But the re-formation of all human life was about to be fulfilled.
On the third day Jesus rose again from the dead. Spiritual freedom -
to no longer be afraid of death because you know that eternal life
is yours - that's what Jesus accomplished. And that freedom is yours
right now by simply believing that Jesus truly is God who suffered
and died and rose again to take away all your sins and give you
eternal life with God. Now that's what He does day after day, by
the power and work of the Holy Spirit - you confess - He forgives -
and with that forgiveness comes new life, that deep down inner
sense of freedom that says now you're really living. It is your
re-formation that God accomplishes in this worship through the
very Words you are hearing, in the water of your baptism, in the
body and blood of Jesus in with and under the bread and wine of
our communion.
Oh, and one last thing, when you are set free by the Son
you are now able to be person God intended you to be. I heard
someone compare our freedom in Christ to the picture of a
guitar string. When you take a new string for a guitar out
the package and it's hanging there freely, disconnected, is
it really free? No, in fact it is only when the string is
attached to the guitar at both ends and it is tightened down
that it is able "sing" its appointed note. It isn't really
free until it is able to fulfill its purpose.

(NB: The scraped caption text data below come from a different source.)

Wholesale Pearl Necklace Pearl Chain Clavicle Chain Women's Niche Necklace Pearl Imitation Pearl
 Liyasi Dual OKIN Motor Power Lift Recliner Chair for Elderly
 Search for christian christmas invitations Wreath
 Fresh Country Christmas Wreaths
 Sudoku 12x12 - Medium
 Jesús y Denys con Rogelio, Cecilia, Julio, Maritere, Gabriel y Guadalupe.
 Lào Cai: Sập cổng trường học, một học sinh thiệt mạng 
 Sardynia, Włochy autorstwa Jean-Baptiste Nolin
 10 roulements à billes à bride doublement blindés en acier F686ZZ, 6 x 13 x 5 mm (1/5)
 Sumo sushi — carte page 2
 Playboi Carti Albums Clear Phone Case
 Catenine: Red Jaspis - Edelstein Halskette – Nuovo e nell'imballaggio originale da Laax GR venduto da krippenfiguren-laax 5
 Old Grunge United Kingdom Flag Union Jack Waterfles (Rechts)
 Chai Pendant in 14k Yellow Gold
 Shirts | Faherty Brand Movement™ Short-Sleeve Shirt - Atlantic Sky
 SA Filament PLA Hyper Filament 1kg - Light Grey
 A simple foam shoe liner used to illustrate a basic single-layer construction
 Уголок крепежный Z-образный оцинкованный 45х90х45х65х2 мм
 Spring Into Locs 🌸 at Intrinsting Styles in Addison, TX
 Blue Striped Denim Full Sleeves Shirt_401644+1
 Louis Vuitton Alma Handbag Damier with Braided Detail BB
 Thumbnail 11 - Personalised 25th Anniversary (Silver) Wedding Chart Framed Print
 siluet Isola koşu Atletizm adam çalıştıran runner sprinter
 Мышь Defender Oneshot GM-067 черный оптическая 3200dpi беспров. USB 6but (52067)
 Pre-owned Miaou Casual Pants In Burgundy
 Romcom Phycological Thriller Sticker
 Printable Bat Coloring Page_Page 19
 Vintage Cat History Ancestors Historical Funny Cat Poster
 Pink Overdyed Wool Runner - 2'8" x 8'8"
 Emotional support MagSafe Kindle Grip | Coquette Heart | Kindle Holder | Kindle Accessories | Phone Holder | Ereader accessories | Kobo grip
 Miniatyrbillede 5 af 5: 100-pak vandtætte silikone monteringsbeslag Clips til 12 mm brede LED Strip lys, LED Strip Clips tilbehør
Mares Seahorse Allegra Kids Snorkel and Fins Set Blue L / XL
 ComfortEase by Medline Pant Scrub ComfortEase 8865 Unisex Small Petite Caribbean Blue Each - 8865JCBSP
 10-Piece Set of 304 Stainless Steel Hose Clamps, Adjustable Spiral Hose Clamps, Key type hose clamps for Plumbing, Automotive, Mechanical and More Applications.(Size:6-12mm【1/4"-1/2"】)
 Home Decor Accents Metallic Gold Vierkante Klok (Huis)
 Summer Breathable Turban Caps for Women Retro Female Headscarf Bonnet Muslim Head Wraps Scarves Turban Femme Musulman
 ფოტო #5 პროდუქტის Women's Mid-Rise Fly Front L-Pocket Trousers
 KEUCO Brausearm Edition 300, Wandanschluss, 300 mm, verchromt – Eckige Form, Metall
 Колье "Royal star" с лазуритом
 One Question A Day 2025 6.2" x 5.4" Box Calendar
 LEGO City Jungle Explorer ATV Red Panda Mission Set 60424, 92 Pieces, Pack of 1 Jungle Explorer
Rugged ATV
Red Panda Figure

In Jesus’ life, death, and resurrection you are reconnected
to God on one end and to the human race, the world we live
in at the other end. To love God with all our heart, soul,
mind and strength and to love one another as God has loved
us that is our purpose. Freedom in Christ is not doing your
own thing like a free dangling guitar strings, with no
attachments. Connected to God on one end and to each other
on the other end our lives begin to sing.
There is so much to do! Take a look around you, who needs your
help, your comfort, your presence? How are you connecting to
your family, that person at work you’ve been meaning to talk
to, that new neighbor that moved in? It’s not just big things –
you know building houses, feeding the hungry, caring for poor
and needy – it is those things – but it’s also, and even more
so, the 101 little things you do without having to think about
it. The Son has set you free – be creative.
Happy Re-Formation Day!
Amen.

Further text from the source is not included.